There were 554 housing units, of which 11.4% were vacant. Among occupied housing units, 75.6% were owner-occupied and 24.4% were renter-occupied. The homeowner vacancy rate was 0.3% and the rental vacancy rate was 10.3%.

Racial composition as of the 2020 census
| Race | Number | Percent |
|---|---|---|
| White | 958 | 68.3% |
| Black or African American | 27 | 1.9% |
| American Indian and Alaska Native | 21 | 1.5% |
| Asian | 10 | 0.7% |
| Native Hawaiian and Other Pacific Islander | 0 | 0% |
| Some other race | 133 | 9.5% |
| Two or more races | 254 | 18.1% |
| Hispanic or Latino (of any race) | 459 | 32.7% |

===2000 census===
As of the census of 2000, there were 877 people, 312 households, and 232 families residing in the city. The population density was 932.9 PD/sqmi. There were 351 housing units at an average density of 373.4 /sqmi. The racial makeup of the city was 88.60% White, 1.03% African American, 1.25% Native American, 0.11% Asian, 0.23% Pacific Islander, 7.75% from other races, and 1.03% from two or more races. Hispanic or Latino of any race were 19.61% of the population.

There were 312 households, out of which 39.7% had children under the age of 18 living with them, 56.4% were married couples living together, 10.6% had a female householder with no husband present, and 25.6% were non-families. 19.9% of all households were made up of individuals, and 8.3% had someone living alone who was 65 years of age or older. The average household size was 2.81 and the average family size was 3.23.

In the city, the population was spread out, with 30.0% under the age of 18, 8.7% from 18 to 24, 30.8% from 25 to 44, 19.2% from 45 to 64, and 11.4% who were 65 years of age or older. The median age was 34 years. For every 100 females, there were 104.0 males.
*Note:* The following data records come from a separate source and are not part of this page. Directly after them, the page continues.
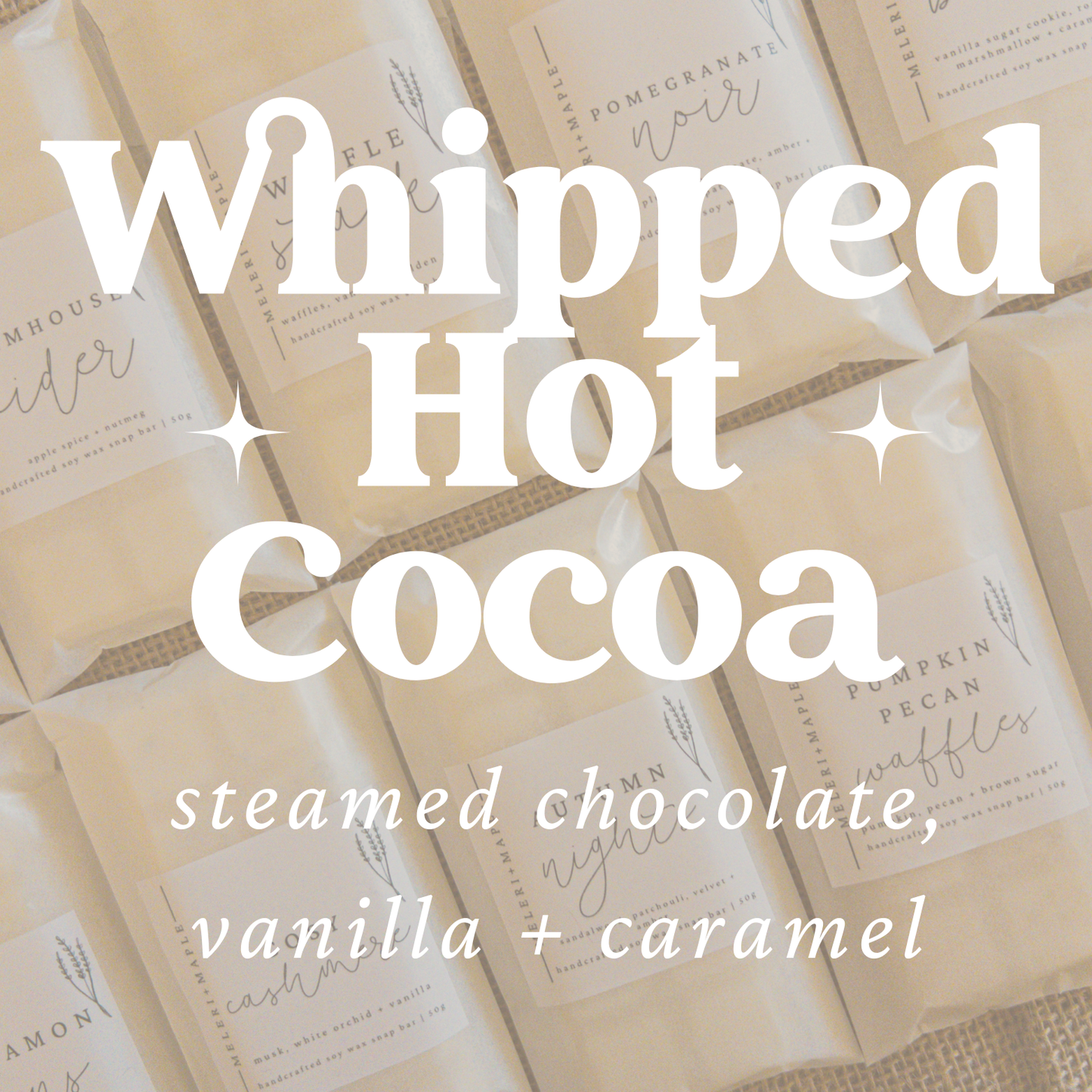 Whipped Hot Cocoa Snap Bar Wax Melt
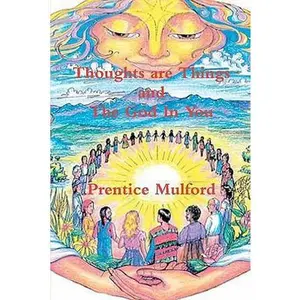 USED-Thoughts are Things and The God In You by Prentice Mulford (Paperback)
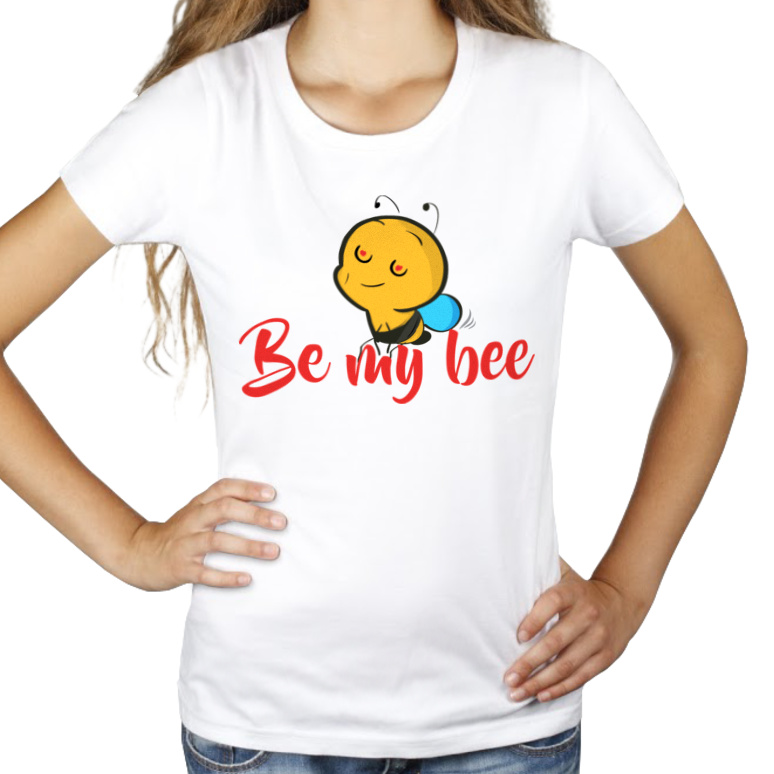 Be my bee - Damska Koszulka Biała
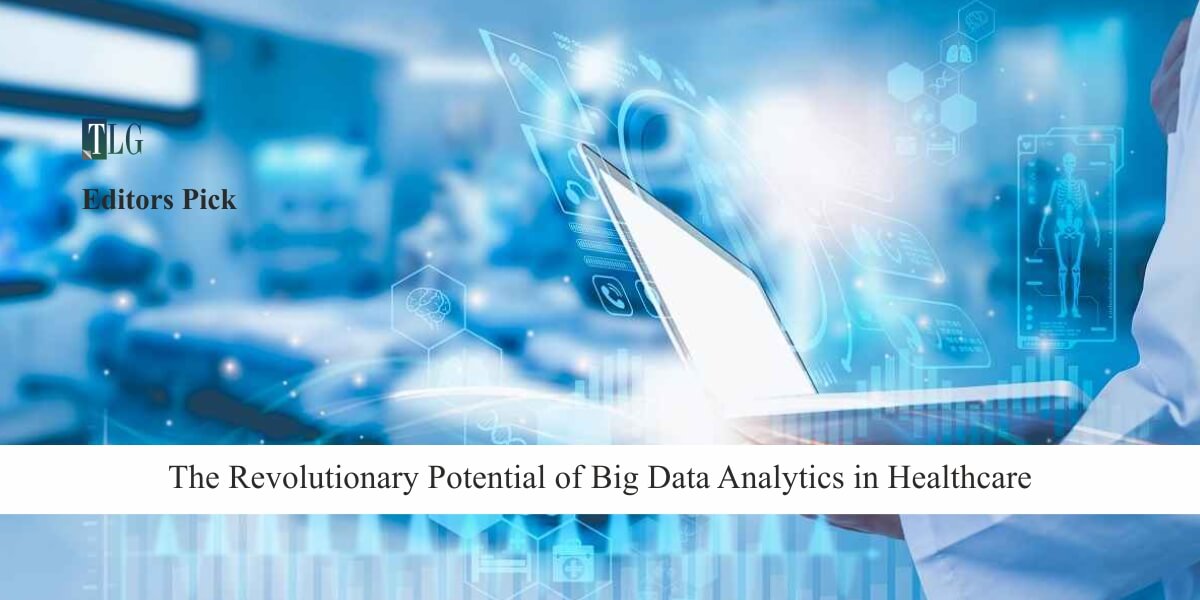 The Revolutionary Potential of Big Data Analytics in Healthcare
For every 100 females age 18 and over, there were 102.6 males.

The median income for a household in the city was $36,094, and the median income for a family was $37,656. Males had a median income of $28,333 versus $17,500 for females. The per capita income for the city was $17,664. About 7.6% of families and 9.7% of the population were below the poverty line, including 12.8% of those under age 18 and 3.1% of those age 65 or over.